The setup of this exercise consists of one server and two clients. The clients stream their statistics to
the server as events with MLflowWriter
,
and only the server writes data to the MLflow tracking server with
MLflowReceiver
. This allows the server to
be the only party that needs to deal with authentication and communication with the MLflow tracking server, and
streamlines and reduces the communication by buffering the data to send.
Note
Like FL Experiment Tracking with TensorBoard Streaming, this exercise differs from Hello PyTorch by using the Learner
API along with the LearnerExecutor
.
In short, the execution flow is abstracted away into the LearnerExecutor
, allowing you to only need to implement the required methods in the Learner
class.
This will not be the focus of this guide, however you can learn more at Learner
and LearnerExecutor
.
Let’s get started. Make sure you have an environment with NVIDIA FLARE installed as described in Getting Started. First clone the repo:
$ git clone https://github.com/NVIDIA/NVFlare.git
Now remember to activate your NVIDIA FLARE Python virtual environment from the installation guide.
Install the required dependencies (NVFlare/examples/advanced/experiment-tracking/mlflow).
(nvflare-env) $ python3 -m pip install -r requirements.txt
When running, make sure to set PYTHONPATH to include the custom files of the example (replacing the path below with the appropriate path to the directory containing the “pt” directory with custom files):
(nvflare-env) $ export PYTHONPATH=${YOUR PATH TO NVFLARE}/examples/advanced/experiment-tracking
Adding MLflow Logging to Configurations¶
Inside the config folder there are two files, config_fed_client.json
and config_fed_server.json
.
Take a look at the components section of the client config at line 24.
The first component is the pt_learner
which contains the initialization, training, and validation logic.
learner_with_mlflow.py
(under NVFlare/examples/advanced/experiment-tracking/pt) contains the code written for the MLflowWriter syntax.
The MLflowWriter
mimics the syntax of mlflow, to make it easier to use existing code
that is using MLflow for metrics tracking. Instead of writing to the MLflow tracking server, however, the MLflowWriter creates and sends an event
within NVFlare with the information to track.
Finally, ConvertToFedEvent
converts local events to federated events.
This changes the event analytix_log_stats
into a fed event fed.analytix_log_stats
, which will then be streamed from the clients to the server.
Under the component section in the server config, we have the
MLflowReceiver
. This component receives
events from the clients and internally buffers them before writing to the MLflow tracking server.
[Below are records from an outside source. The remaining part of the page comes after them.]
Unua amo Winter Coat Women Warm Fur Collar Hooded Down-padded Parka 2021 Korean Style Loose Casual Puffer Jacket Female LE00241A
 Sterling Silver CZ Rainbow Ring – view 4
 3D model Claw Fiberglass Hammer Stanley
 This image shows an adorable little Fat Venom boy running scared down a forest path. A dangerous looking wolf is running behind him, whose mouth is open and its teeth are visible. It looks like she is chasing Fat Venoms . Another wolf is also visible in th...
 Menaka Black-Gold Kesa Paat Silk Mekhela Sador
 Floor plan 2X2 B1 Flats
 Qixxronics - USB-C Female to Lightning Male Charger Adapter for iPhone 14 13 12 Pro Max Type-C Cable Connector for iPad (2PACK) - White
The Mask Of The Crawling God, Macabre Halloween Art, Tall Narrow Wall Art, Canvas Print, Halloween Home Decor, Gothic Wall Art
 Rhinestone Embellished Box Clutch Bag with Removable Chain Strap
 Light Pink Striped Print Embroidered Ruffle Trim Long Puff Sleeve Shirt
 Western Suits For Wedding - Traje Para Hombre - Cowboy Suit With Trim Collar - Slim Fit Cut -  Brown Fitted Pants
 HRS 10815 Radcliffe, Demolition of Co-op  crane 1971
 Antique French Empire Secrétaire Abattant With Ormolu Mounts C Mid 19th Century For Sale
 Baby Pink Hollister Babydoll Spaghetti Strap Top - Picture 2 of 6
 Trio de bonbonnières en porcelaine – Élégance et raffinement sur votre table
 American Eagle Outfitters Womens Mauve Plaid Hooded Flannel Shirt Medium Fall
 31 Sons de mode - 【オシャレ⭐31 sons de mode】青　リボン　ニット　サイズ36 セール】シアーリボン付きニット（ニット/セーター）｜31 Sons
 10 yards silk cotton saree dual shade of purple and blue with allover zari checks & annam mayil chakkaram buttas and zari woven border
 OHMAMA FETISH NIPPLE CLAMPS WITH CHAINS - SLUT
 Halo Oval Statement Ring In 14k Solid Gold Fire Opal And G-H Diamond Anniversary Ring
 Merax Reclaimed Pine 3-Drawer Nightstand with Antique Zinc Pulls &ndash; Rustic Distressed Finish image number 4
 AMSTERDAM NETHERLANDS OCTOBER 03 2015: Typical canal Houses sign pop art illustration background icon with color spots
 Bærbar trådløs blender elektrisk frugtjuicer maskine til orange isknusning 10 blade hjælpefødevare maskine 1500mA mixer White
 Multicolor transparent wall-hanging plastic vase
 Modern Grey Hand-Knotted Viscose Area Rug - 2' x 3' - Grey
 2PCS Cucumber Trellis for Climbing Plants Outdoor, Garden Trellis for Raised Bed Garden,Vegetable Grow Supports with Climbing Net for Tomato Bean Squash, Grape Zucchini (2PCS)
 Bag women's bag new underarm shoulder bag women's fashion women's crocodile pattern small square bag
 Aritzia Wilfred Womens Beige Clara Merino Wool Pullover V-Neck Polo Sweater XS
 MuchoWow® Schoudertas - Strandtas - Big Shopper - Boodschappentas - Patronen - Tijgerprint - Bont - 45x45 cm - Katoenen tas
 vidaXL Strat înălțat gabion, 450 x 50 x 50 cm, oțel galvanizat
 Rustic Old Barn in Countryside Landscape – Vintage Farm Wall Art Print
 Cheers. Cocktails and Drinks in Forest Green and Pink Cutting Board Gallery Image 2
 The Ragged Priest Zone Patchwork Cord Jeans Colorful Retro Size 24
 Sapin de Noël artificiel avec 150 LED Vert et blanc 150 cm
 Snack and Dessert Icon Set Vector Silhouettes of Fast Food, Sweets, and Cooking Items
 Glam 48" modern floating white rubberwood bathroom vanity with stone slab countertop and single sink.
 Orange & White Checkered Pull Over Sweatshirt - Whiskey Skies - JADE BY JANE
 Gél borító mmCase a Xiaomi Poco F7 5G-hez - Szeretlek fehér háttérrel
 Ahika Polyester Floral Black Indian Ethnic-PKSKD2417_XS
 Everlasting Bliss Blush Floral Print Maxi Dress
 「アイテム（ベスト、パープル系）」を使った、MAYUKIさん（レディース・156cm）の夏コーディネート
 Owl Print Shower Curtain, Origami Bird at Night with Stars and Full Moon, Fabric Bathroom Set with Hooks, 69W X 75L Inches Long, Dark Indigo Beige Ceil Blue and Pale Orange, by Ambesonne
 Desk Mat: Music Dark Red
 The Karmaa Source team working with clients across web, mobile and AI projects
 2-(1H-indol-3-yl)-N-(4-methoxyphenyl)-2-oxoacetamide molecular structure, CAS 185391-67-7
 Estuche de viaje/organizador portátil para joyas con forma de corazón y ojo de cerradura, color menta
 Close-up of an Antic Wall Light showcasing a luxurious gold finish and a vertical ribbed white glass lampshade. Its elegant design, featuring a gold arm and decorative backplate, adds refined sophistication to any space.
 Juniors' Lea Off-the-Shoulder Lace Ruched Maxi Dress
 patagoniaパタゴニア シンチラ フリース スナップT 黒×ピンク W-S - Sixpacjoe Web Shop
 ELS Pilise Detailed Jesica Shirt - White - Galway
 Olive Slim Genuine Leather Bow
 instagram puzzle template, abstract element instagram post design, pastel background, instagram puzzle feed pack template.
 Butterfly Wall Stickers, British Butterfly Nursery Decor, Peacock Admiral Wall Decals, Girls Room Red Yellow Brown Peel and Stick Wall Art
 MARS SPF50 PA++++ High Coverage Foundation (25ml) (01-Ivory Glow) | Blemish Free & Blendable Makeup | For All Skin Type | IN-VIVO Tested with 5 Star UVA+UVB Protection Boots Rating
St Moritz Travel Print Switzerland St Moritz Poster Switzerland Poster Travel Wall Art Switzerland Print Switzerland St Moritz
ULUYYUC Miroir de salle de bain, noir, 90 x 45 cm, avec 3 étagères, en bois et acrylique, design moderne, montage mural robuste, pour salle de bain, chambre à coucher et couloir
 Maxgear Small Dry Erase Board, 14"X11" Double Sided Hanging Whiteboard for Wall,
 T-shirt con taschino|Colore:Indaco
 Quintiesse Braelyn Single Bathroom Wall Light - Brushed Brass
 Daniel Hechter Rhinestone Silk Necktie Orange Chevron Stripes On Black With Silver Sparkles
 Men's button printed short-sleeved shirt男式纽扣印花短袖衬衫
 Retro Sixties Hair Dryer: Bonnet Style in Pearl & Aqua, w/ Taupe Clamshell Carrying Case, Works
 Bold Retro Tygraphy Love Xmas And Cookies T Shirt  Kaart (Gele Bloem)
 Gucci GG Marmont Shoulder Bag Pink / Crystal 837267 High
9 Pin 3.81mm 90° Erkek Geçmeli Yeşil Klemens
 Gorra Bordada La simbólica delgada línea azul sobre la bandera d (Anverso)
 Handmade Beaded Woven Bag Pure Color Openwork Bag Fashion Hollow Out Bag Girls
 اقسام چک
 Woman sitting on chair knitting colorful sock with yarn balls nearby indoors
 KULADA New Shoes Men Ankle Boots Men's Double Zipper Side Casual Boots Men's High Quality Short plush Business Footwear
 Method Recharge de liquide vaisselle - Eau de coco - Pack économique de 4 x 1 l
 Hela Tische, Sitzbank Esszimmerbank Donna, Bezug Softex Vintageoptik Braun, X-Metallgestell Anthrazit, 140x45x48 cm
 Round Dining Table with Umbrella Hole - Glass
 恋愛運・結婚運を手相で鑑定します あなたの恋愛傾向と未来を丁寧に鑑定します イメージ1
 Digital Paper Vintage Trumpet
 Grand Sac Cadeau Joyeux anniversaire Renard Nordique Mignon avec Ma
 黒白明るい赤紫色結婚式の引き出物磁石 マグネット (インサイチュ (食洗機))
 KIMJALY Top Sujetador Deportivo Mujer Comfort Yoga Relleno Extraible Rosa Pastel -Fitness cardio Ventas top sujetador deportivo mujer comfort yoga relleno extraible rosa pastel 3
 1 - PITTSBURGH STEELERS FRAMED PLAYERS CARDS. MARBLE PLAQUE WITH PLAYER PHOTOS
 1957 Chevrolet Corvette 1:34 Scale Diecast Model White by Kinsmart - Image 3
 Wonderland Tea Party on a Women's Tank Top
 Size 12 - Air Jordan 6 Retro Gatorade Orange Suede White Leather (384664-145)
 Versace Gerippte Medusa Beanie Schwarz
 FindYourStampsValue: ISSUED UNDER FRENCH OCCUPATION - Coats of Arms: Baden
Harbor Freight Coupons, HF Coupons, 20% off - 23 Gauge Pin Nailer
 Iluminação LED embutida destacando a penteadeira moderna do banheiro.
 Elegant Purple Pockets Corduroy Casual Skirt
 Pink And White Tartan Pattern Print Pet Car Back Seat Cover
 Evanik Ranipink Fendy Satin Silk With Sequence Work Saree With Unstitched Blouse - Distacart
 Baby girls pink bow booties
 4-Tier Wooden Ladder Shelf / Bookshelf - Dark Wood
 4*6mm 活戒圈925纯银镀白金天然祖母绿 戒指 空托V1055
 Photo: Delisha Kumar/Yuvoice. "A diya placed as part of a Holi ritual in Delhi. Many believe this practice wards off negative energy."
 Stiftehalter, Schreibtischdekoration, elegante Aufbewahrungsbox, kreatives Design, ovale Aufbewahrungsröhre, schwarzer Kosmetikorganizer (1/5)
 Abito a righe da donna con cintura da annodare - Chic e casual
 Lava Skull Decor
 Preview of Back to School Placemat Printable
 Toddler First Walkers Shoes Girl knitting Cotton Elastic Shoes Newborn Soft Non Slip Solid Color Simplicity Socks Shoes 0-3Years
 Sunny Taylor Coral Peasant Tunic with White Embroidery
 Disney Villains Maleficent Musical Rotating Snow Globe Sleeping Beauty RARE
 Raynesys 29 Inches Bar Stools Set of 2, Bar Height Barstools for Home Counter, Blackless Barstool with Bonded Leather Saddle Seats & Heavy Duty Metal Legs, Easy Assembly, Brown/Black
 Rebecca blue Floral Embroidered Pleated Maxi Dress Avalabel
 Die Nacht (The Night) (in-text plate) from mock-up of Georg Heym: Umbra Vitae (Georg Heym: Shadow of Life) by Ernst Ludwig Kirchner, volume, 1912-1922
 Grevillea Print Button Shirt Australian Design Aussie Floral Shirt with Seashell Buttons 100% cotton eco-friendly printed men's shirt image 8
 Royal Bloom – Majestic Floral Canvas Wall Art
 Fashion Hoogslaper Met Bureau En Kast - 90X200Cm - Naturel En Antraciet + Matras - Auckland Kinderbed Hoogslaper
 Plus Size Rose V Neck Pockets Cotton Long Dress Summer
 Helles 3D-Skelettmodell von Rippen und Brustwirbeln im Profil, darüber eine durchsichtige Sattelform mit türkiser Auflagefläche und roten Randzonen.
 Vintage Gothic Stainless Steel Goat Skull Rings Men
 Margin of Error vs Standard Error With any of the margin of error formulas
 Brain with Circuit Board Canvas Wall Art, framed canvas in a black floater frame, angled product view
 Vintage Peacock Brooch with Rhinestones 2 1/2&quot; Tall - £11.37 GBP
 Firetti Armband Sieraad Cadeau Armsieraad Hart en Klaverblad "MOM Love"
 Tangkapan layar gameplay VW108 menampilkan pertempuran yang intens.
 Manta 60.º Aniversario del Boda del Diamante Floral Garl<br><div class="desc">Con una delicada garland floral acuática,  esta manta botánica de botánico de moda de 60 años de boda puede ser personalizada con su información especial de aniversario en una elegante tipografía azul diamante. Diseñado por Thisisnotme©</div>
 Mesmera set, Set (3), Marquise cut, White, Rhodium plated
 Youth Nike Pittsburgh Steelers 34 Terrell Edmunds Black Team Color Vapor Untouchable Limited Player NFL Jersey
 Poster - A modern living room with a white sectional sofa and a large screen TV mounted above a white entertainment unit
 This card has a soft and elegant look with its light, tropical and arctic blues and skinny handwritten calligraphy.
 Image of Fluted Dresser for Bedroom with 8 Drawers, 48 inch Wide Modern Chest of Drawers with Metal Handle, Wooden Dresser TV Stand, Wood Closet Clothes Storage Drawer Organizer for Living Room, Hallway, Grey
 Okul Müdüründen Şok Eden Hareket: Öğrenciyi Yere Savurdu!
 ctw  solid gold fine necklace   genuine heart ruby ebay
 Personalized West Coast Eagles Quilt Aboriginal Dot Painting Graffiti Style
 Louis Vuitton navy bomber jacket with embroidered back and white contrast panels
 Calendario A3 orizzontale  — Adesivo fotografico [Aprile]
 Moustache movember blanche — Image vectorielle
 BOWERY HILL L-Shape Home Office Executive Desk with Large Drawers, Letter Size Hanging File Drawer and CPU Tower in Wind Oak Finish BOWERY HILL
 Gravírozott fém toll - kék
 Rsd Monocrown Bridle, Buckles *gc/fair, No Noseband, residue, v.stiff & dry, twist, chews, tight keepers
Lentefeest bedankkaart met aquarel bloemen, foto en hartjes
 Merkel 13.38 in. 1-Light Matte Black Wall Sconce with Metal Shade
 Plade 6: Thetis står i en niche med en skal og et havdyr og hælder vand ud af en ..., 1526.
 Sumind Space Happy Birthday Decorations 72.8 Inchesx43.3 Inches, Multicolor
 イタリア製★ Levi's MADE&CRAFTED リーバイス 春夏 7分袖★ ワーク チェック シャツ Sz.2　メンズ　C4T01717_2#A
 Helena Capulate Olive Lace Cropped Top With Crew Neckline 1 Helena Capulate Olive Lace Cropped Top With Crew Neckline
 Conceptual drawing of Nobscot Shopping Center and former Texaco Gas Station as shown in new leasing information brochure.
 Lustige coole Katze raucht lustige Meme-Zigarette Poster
The default
“buffer_flush_time” is one second, but this can be configured as an arg in the component config for MLflowReceiver.
Notice how the accepted event type "fed.analytix_log_stats"
matches the output of
ConvertToFedEvent
in the client config.
Adding MLflow Logging to Your Code¶
In this exercise, all of the MLflow code additions will be made in learner_with_mlflow.py
.
First we must initialize our MLflow writer we defined in the client config:
102 )
103
104 # metrics streaming setup
105 self.writer = parts.get(self.analytic_sender_id) # user configuration from config_fed_client.json
The LearnerExecutor
passes in the component dictionary into the parts
parameter of initialize()
.
We can then access the MLflowWriter
component we defined in config_fed_client.json
by using the self.analytic_sender_id
as the key in the parts
dictionary.
Note that self.analytic_sender_id
defaults to "analytic_sender"
,
but we can also define it in the client config to be passed into the constructor.
Now that our writer is set to MLflowWriter
,
we can write and stream training metrics to the server in local_train()
:
148 return outgoing_dxo.to_shareable()
149
150 def local_train(self, fl_ctx, abort_signal):
151 # Basic training
152 current_round = fl_ctx.get_prop(FLContextKey.TASK_DATA).get_header("current_round")
153 for epoch in range(self.epochs):
154 self.model.train()
155 running_loss = 0.0
156 for i, batch in enumerate(self.train_loader):
157 if abort_signal.triggered:
158 return
159
160 images, labels = batch[0].to(self.device), batch[1].to(self.device)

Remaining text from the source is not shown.